The ambitious Agenda for Sustainable Development and Education 2030 requires countries to report more and better quality data to track progress and inform policymaking on education and learning. But how will this broad data agenda be met?

As the Inter-agency and Expert Group Sustainable Development Goal indicators (IAEG–SDG) meets in Ottawa from 28-31 March, the UIS has released a paper that calls for a data revolution in education built on the foundation of national statistical systems and supported by a global compact for monitoring the global education goal, SDG 4.

The Data Revolution in Education, produced by the UIS as a background paper for the Education Commission, includes a set of recommendations for producing and disseminating high-quality education statistics for planning and monitoring progress toward education targets. 

The report calls for changes across three broad areas that address both the supply and demand sides of national education information systems.
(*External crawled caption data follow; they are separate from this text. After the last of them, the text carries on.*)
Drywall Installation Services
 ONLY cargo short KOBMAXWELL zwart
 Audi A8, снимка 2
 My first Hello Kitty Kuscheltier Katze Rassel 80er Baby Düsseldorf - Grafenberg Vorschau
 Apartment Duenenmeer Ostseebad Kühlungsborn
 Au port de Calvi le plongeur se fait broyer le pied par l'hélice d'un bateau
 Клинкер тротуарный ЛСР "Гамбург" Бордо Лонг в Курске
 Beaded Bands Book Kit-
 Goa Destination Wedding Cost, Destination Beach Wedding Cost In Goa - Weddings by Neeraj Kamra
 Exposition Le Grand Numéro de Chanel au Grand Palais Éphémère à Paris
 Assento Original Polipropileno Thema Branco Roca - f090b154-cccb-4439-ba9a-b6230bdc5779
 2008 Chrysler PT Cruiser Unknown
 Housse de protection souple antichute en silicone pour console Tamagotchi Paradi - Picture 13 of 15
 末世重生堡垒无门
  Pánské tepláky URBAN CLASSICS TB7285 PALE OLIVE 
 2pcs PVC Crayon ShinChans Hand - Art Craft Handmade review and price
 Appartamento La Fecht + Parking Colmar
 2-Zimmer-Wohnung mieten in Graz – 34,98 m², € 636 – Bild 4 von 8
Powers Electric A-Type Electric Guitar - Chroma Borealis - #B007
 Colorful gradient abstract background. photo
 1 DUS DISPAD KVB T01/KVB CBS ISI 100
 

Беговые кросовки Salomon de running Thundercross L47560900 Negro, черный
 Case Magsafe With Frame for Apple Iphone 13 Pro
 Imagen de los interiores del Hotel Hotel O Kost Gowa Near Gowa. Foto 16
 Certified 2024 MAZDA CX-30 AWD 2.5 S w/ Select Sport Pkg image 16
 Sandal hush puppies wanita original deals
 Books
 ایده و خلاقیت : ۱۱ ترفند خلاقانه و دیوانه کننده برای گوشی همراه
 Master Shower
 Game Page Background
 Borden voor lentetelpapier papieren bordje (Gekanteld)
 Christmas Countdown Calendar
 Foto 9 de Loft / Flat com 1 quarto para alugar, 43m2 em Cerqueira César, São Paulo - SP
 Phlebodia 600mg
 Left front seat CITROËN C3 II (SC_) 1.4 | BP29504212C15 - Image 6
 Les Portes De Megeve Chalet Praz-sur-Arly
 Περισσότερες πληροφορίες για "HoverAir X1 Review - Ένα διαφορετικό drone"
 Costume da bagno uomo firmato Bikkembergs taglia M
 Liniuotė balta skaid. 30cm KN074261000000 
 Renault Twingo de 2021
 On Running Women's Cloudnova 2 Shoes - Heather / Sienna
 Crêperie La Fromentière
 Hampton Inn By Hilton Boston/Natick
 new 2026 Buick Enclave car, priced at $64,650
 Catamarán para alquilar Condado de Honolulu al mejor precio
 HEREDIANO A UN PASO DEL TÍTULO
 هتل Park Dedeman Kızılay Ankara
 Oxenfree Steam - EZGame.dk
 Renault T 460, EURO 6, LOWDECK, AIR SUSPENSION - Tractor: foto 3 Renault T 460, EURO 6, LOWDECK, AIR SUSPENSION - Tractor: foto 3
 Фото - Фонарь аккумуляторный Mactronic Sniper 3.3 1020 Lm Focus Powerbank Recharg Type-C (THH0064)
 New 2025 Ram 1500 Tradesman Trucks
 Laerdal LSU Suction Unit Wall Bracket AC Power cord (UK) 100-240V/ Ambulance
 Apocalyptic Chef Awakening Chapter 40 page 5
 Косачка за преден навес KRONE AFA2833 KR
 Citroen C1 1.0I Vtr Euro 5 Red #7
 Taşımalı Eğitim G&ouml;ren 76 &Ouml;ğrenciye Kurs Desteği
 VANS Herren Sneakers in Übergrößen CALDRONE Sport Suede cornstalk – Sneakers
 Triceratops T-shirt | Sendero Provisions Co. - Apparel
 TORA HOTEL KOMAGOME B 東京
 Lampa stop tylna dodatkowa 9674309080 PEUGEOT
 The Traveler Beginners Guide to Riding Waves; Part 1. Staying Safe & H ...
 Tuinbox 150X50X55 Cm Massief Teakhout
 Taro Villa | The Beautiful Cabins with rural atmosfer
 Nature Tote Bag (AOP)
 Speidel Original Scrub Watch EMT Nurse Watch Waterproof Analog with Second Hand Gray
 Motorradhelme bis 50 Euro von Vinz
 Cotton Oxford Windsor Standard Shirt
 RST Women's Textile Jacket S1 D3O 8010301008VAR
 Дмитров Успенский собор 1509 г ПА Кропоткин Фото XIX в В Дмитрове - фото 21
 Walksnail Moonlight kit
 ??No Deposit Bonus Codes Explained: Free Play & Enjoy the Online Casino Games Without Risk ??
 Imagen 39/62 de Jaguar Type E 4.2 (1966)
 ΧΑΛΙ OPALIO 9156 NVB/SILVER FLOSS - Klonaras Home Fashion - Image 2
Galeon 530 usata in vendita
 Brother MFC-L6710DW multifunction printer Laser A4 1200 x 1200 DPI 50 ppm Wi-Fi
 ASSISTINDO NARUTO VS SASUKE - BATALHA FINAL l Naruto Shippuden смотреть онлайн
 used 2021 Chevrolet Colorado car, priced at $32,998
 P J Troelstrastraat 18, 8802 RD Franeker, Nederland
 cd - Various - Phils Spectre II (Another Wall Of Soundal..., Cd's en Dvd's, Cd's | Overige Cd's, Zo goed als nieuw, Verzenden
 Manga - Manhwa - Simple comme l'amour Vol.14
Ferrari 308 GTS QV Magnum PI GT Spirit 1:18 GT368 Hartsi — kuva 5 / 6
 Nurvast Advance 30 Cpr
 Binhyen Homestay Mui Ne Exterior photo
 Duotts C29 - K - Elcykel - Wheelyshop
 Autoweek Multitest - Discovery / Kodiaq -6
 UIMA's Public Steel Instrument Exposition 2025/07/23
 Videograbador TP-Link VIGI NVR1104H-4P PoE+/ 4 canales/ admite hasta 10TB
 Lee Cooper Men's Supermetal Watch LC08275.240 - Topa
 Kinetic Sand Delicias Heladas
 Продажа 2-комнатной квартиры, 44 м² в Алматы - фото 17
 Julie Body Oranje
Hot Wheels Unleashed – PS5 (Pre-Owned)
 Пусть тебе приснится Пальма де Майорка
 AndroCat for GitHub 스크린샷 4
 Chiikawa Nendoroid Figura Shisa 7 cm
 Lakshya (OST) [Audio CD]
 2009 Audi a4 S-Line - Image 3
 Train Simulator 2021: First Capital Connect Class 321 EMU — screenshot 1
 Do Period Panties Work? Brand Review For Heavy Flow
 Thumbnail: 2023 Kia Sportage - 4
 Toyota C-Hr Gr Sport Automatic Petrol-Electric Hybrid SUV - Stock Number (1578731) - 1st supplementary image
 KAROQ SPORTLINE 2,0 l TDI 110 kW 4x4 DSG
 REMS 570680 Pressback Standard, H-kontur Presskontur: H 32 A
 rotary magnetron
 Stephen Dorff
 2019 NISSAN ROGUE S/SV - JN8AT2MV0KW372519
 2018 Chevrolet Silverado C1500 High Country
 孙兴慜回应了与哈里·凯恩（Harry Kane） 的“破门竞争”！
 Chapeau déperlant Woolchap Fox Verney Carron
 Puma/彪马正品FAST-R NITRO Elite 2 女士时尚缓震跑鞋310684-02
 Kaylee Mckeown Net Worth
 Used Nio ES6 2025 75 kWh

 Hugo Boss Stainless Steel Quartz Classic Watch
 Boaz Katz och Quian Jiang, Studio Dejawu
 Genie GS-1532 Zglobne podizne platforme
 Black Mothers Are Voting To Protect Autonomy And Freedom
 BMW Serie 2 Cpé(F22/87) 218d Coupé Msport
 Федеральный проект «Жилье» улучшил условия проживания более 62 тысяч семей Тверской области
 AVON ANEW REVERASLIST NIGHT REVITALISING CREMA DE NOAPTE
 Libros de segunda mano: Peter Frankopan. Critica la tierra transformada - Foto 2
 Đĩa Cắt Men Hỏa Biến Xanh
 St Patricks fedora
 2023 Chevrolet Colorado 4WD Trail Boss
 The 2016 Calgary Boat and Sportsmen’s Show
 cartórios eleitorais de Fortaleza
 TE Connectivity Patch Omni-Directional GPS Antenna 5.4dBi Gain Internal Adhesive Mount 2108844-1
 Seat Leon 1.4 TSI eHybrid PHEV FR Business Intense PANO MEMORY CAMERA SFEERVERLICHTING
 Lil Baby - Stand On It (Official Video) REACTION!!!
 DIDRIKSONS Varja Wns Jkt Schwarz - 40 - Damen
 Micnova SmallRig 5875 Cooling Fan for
Enabling environment: National statistical organizations require an enabling environment underwritten by more funding, investments in technology and skilled personnel, and greater efforts to overcome the fragmentation of education data and evidence sector across government agencies.

Data production: The new education goal calls for data that countries may not be collecting on a regular basis or according to international standards. The UIS report recommends that governments make a greater effort to integrate these norms and standards; agree on standards for collecting data for new areas of concern, such as learning outcomes; and tap into a broader range of data sources such as household surveys and citizen-led initiatives.

Data use and dissemination: Finally, the report recommends that governments and international organizations strengthen mechanisms for data dissemination and use. For example, adopting “open data” practices could improve the flow and end use of data and information.

The UIS report acknowledges that such an ambitious vision for improving education data will take time and will require support for countries from international organizations such as the UIS, which has the mandate and experience to define standards and tools needed to produce and disseminate internationally-comparable data.

The report recommends that a global monitoring compact for the education SDG guide the process, with the help of new global governance mechanisms, such as the Technical Cooperation Group on the Indicators for SDG4‐Education 2030 (TCG). Such initiatives can provide technical support, foster coordination, support the production of data as a global public good, and drive the change needed to realise the Education 2030 agenda.